● **Task to complete**
Transcribe word for word each line from the one containing "Miniatura 33 de" to the final line of the data, both included. Skip the pictures.

● **Data**
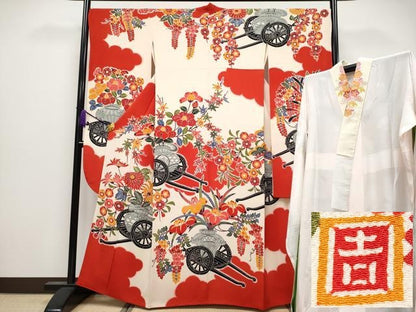 平和屋着物●極上　和染紅型　栗山紅型　栗山吉三郎　振袖　長襦袢セット　花車文　鬼しぼ縮緬　逸品　CYAA4023s6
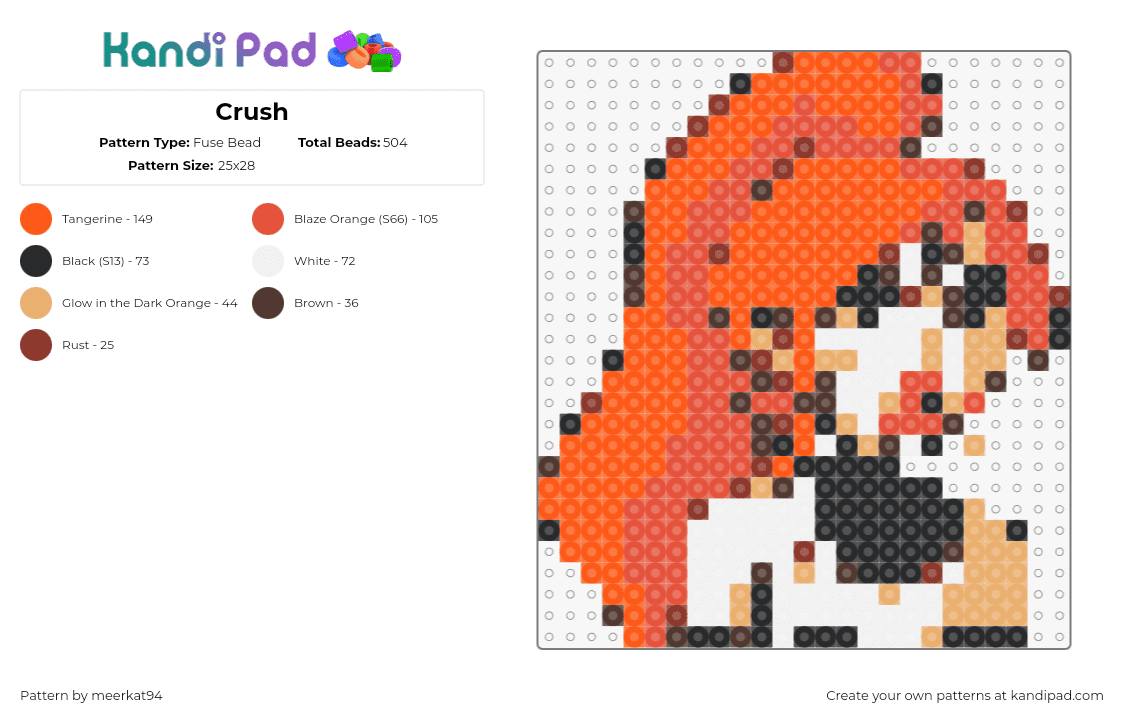 Crush - Fuse Bead Pattern by meerkat94 on Kandi Pad - crush,daphne,hex girls,scooby doo,cartoon,band,tv show,orange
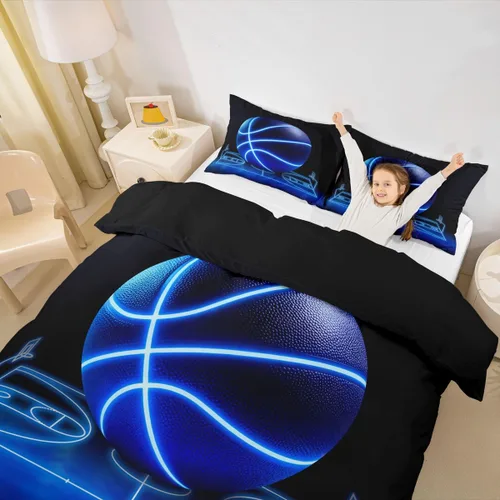 Miniatura 33 de Erosebridal Sports Duvet Cover Football Patchwork Bedding Sets, Geometric Ball Pattern Bed Cover Rugby Game Bed Set Twin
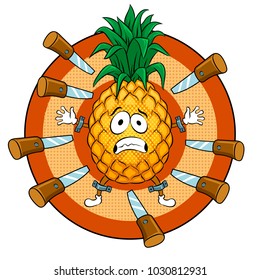 Pineapple target for throwing knives pop art retro vector illustration. Cartoon food character. Isolated image on white background. Comic book style imitation.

● **Output**
 Miniatura 33 de Erosebridal Sports Duvet Cover Football Patchwork Bedding Sets, Geometric Ball Pattern Bed Cover Rugby Game Bed Set Twin
 Pineapple target for throwing knives pop art retro vector illustration. Cartoon food character. Isolated image on white background. Comic book style imitation.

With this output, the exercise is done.